The problem. What the response needs is every record, repeated verbatim, and no images.
Records for this task START
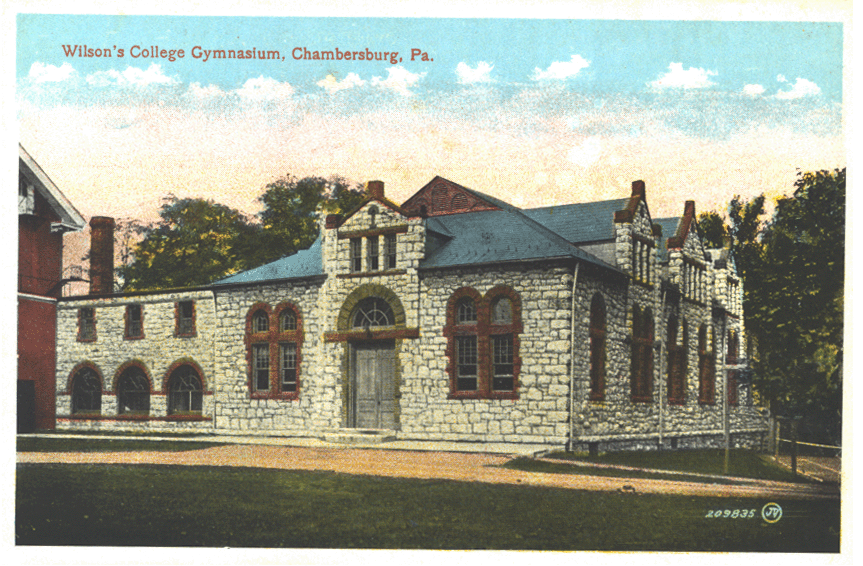 Wilson’s College Gymnasium, Chambersburg, Pa.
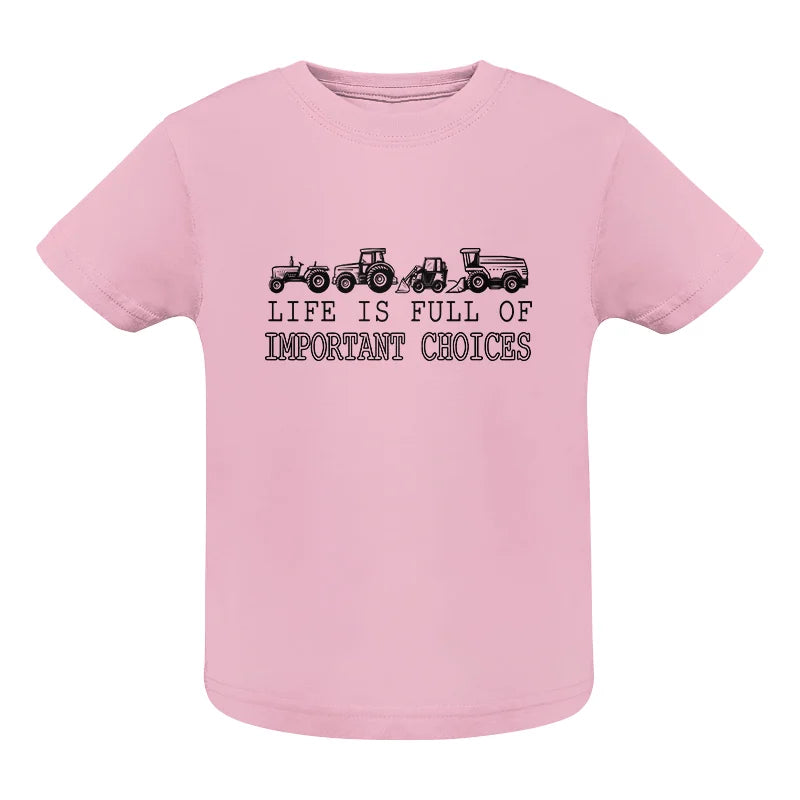 Life Is Full Of Important Choices 28 - Infant Fine Jersey Tee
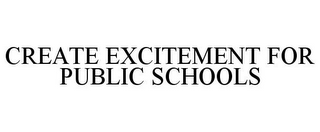 CREATE EXCITEMENT FOR PUBLIC SCHOOLS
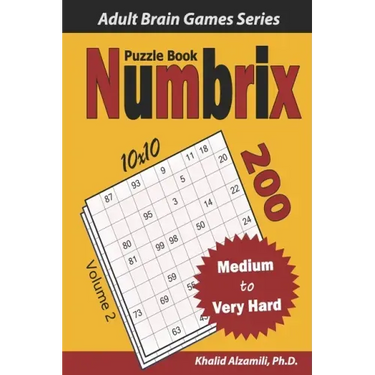 Numbrix Puzzle Book: 200 Medium to Very Hard (10x10) Puzzles
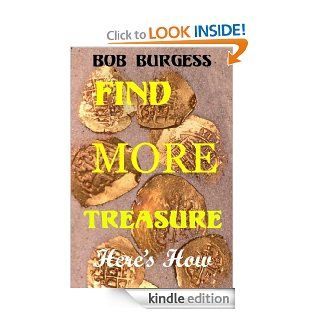 FIND MORE TREASURE Here's How   Kindle edition by Robert F. Burgess. Crafts, Hobbies & Home Kindle eBooks @ .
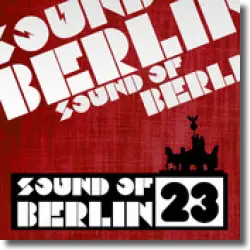 Cover: Various Artists - Sound Of Berlin 23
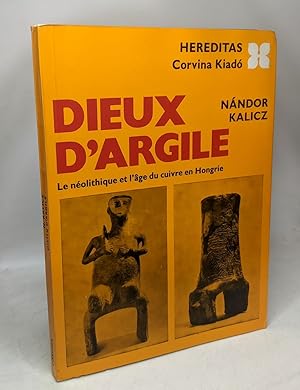 Seller image for Dieux d'argile - Le neolithique et l'age du cuivre en Hongrie for sale by crealivres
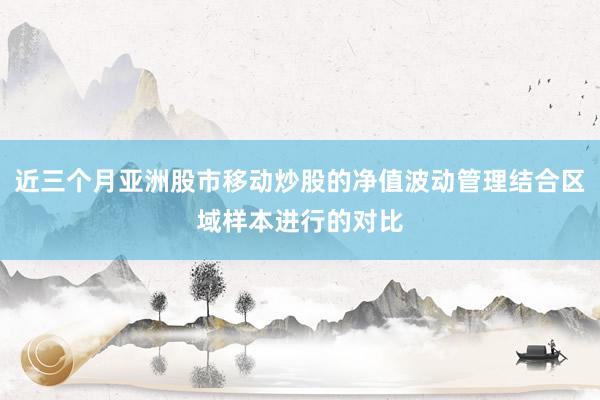 近三个月亚洲股市移动炒股的净值波动管理结合区域样本进行的对比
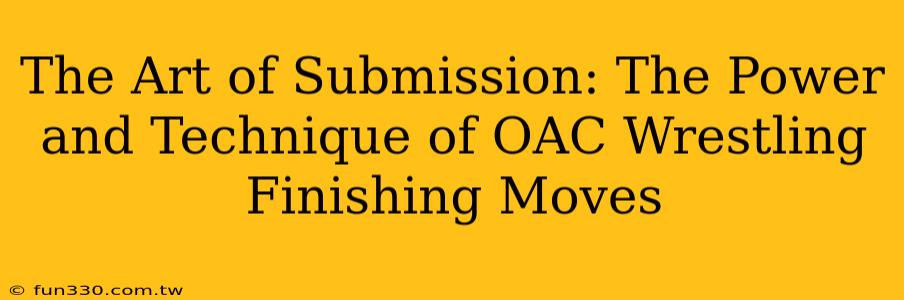 The Art of Submission: The Power and Technique of OAC Wrestling Finishing Moves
Records for this task END
Result for this exercise.
 Wilson’s College Gymnasium, Chambersburg, Pa.
 Life Is Full Of Important Choices 28 - Infant Fine Jersey Tee
 CREATE EXCITEMENT FOR PUBLIC SCHOOLS
 Numbrix Puzzle Book: 200 Medium to Very Hard (10x10) Puzzles
 FIND MORE TREASURE Here's How   Kindle edition by Robert F. Burgess. Crafts, Hobbies & Home Kindle eBooks @ .
 Cover: Various Artists - Sound Of Berlin 23
 Seller image for Dieux d'argile - Le neolithique et l'age du cuivre en Hongrie for sale by crealivres
 近三个月亚洲股市移动炒股的净值波动管理结合区域样本进行的对比
 The Art of Submission: The Power and Technique of OAC Wrestling Finishing Moves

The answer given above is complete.